We need to provide the probability of blockage and features which are responsible for the blockage at any given time, so that they can control and minimize the risk of the blockage.

Data

  • Temperature and pressure were measured in each of the 4 cyclones with the help of temperature and pressure sensors every minute(3 temperature sensors and 3 pressure sensors in each cyclone).
  • Laboratory data which is the percentage of chemical constituents of the raw materials were measured at the input of the preheater, in the 4th cyclone and at the output stage of the preheater taken every hour.
  • Data about Fuel used for burner(coal in tons per hour,tyre),fans used for cooling were recorded.
  • Blockage data(Timestamp information of the blockage) for the previous 18 months which is used as the target feature(44 blockages were reported in the last 18 months).
Approach
  • Data Preprocessing: Some of the column names which were in German language were converted to English, Unwanted characters present in the data were cleaned and data types were made appropriate.
  • Sensor data which was available for every minute was resampled to hourly data and merged with the laboratory data which was already available for every hour.
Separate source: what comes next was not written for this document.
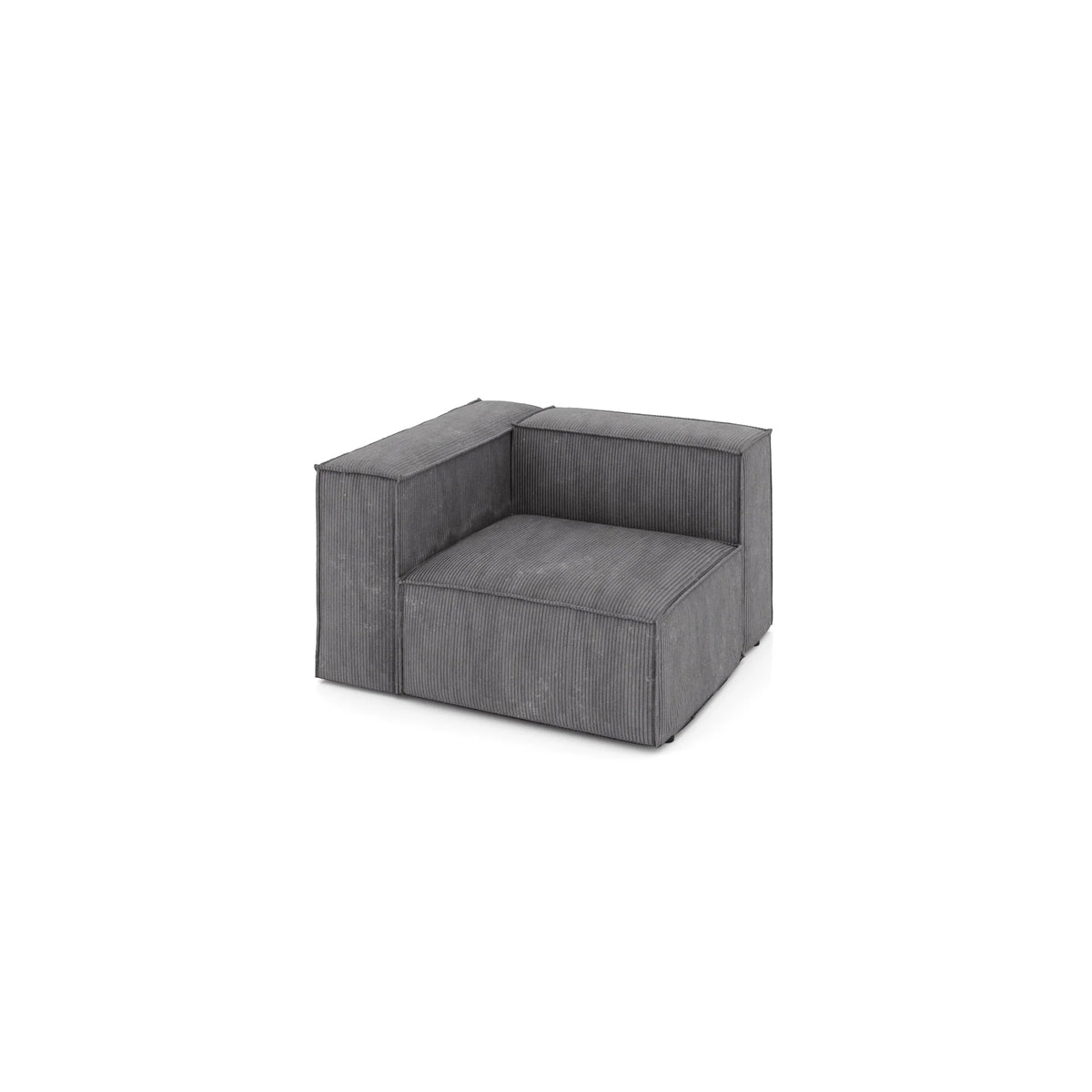 Armrest Modul Sewilla (Groß) (links)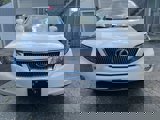 Used 2010 Lexus RX 450h AWD image 2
Now all the independent variables are available in the required format.
  • Blockage data was merged with the above data. This is will be used as target feture.
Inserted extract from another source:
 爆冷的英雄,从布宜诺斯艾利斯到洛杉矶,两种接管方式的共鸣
  • With EDA we found out that there were some fluctuations in independant features before six hours of blockage. So all the data before six hours were labelled as blockage data(labelled as 1). So, now we have the target feature ready.
  • The imbalanced data was balanced using the SMOTE Technique.
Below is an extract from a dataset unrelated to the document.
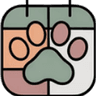 Groomlify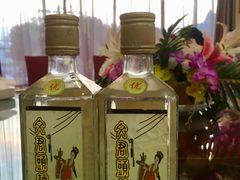 -丁老爷子苏香圆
  • Number of independant features were reduced from 220 to 40 with the help of EDA, domain knowledge, and Recursive Feature Elimination Technique.
  • Used the SHAPASH library to provide the feature importance for every prediction.
  • Building classification models by using decision tree, random forest, ADA boost, Gradient boost, Voting classifier, XGboost.
  • Model evaluation by using various classification metrics like precision, recall, accuracy, f1 score, ROC, AUC.
  • Building a complete machine learning pipeline which includes data preprocessing, feature extraction and model building.